Петербургский театральный журнал
Блог «ПТЖ» — это отдельное СМИ, живущее в режиме общероссийской театральной газеты. Когда-то один из создателей журнала Леонид Попов делал в «ПТЖ» раздел «Фигаро» (Фигаро здесь, Фигаро там). Лене Попову мы и посвящаем наш блог.
16+

ПУТЕШЕСТВИЕ ИЗ ПЕТЕРБУРГА

ЧЕХОВСКИЙ ДОМ

А. Чехов. «Дядя Ваня». Новокузнецкий театр драмы.
Режиссер Сойжин Жамбалова, художник Натали-Кейт Пангилинан

Если русская литературная традиция имеет право на «пушкинский дом», то театральная — точно имеет право на «чеховский». В своем новом спектакле Сойжин Жамбалова пытается склеить этот образ, не только объединяя на сцене героев разных чеховских пьес, но и собирая в связку разномастные ключи к их пониманию. Образ дома присутствует на сцене буквально: он давно дал трещину, накренился и наполовину ушел под землю, подобно многим особнякам прошлых столетий. В спектакле он превращается в таинственный знак, наполняется красотой застывшего времени, мрачным, почти кладбищенским романтизмом. В его окнах мелькают осязаемые тени чеховских героев.

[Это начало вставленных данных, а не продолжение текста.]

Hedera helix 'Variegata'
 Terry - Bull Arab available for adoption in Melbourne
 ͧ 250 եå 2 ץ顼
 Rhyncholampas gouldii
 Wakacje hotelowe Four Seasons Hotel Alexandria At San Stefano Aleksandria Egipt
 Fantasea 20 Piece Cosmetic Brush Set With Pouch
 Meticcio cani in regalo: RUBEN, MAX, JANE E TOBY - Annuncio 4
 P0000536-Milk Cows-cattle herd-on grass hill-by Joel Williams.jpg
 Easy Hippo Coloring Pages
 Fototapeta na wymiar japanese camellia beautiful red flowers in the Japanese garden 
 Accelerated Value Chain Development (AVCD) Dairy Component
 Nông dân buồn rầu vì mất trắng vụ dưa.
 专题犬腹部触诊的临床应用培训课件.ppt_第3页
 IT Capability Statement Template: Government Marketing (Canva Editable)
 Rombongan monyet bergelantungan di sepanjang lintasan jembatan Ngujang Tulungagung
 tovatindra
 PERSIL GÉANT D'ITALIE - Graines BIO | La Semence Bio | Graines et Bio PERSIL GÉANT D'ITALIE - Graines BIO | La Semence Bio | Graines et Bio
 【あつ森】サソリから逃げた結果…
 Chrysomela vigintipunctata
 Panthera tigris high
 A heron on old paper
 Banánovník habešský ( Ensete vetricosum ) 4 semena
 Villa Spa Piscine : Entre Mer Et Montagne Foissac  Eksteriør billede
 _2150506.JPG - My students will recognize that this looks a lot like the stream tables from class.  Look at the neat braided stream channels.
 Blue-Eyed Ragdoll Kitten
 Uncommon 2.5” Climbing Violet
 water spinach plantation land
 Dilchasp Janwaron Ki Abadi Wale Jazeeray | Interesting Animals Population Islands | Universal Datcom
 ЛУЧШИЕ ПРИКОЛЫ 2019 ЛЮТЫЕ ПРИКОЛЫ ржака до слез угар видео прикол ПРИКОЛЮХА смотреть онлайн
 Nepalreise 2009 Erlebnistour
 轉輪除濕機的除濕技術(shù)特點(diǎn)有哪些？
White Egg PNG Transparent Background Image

Сцена из спектакля. Фото Д. Токмаковой

В первые минуты «Дядя Ваня» пускает зрителей по ложному следу, заявляя о себе как о спектакле исключительно «большого стиля», в котором будет место красоте жеста, щедрым метафорам, монументальным декорациям, геометрически выверенным актерским работам. Но взгляд невольно останавливается на распряженной телеге: на ней среди груды антикварных чемоданов разместился вполне себе современный, хоть и «поживший», телевизор, отчетливо намекающий, что заявленный «историзм» непременно даст сбой. И правда в том, что спектакль за три часа сценического времени не раз сменит регистры и временной код — чередование эстетик, «штилей», позиций, взглядов на Чехова станет его основным законом. Сложно представить, как в «Дяде Ване» Туминаса (которому спектакль Жамбаловой во многом наследует — в особой стати отдельных мизансцен, атмосфере и даже частных интонациях) герой Маковецкого запоет, к примеру, хиты из 1990-х. Здесь это тоже трудновообразимо — но в какой-то момент происходит буквально. «Играй, Вафля!» — и вот трио мужчин — Войницкий, Астров и Телегин, — словно на полуночной лавочке у панельной девятиэтажки, радостно затягивает «а тучи — как люди… как люди, они одиноки, но все-таки тучи…». В разных контекстах в спектакле споют и «девчонку—девчоночку, темные ночи», и «ночь, что за странная свобода: от заката до восхода ждать тебя, надеясь вновь, о-о-о…». Кажется, современный российский театр последних лет перепел всю русскую попсу, претендуя на новое понимание декадентства и примитивизма, — и часто невероятно органично.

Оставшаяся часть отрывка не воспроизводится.